Report on the implementation of the RTI law – Sangri Today
Report on the implementation of the RTI Act: more than 40 information commissioner positions are vacant in the country and there is no chief information commissioner in 2 states
Out of 165 information commissioner positions in the country, 42 positions are vacant. Of these, a maximum of 4-4 seats are vacant in West Bengal, Punjab and Maharashtra and 3-3 seats are vacant in Uttarakhand, Kerala, Haryana and Central. There is no Chief Information Commissioner in two states, Gujarat and Jharkhand. Women hold less than 5% of the total Information Commissioner positions. This was revealed in the sixth State Transparency Report 2022 released on Tuesday. This report is published by Transparency International India (TII).
According to the report, only 11 states and union territories have an online portal to complete RTI (right to know) applications. These states include Bihar, Goa, Delhi, Karnataka, Madhya Pradesh, Maharashtra, Meghalaya, Mizoram, Odisha, Rajasthan and Tamil Nadu. It was suggested in this report that training should be given to government officials for strict compliance with the RTI Act.

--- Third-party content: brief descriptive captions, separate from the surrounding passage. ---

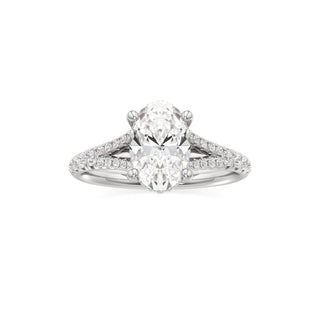 Split Pavé Set Hidden Halo Pear Engagement Ring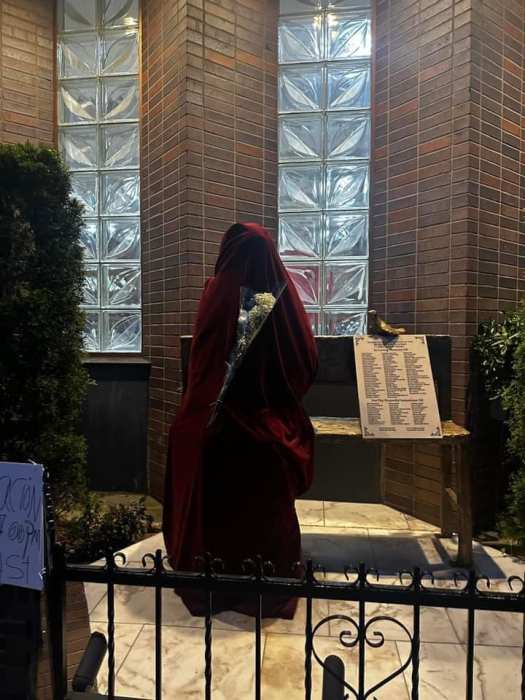 damaged statue at st. dominic church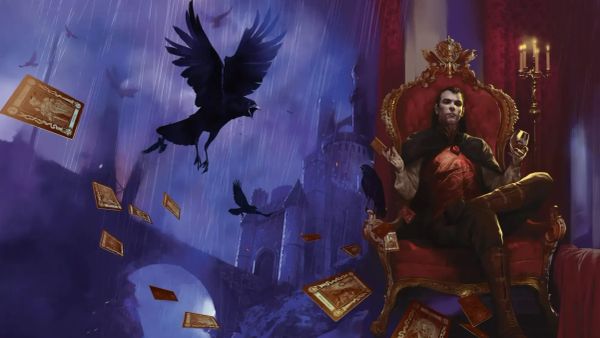 An illustration of the vampire Strahd, sitting on a fancy chair, holding a drink and looking cunty.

It was said in this report that the law on transparency is not effectively implemented in the country. There are many reasons behind this including not giving information to the public on behalf of the officials, the rude behavior of the public information officer towards the people and giving false information about the provisions of the right to information law to hide information, not knowing what the public interest is and laws like the right to privacy put obstacles in the way of the right to information.
The RTI Act was enacted in 2005. According to the Information Commission, more than 4.20 million RTI requests were received by states and the Center between 2005-06 and 2020-21. Even after so many years, from 2005 to today, the mentality of most government employees and public authorities is still to keep government work secret. Even after so many years, RTI demands are seen as a burden on the government.
TII Director Rama Nath Jha said the Information Commission was becoming like a parking lot for retired bureaucrats. The negligent attitude of the public information officer when rejecting RTI’s request is also a big challenge in the progress of this law.
TII Chairman Prof Madhu Bhalla said October 12 will mark 17 years since the RTI Act came into force. There are still many challenges in fully implementing this law, intended to ensure transparency and accountability in the work of government, so only half the battle has been won.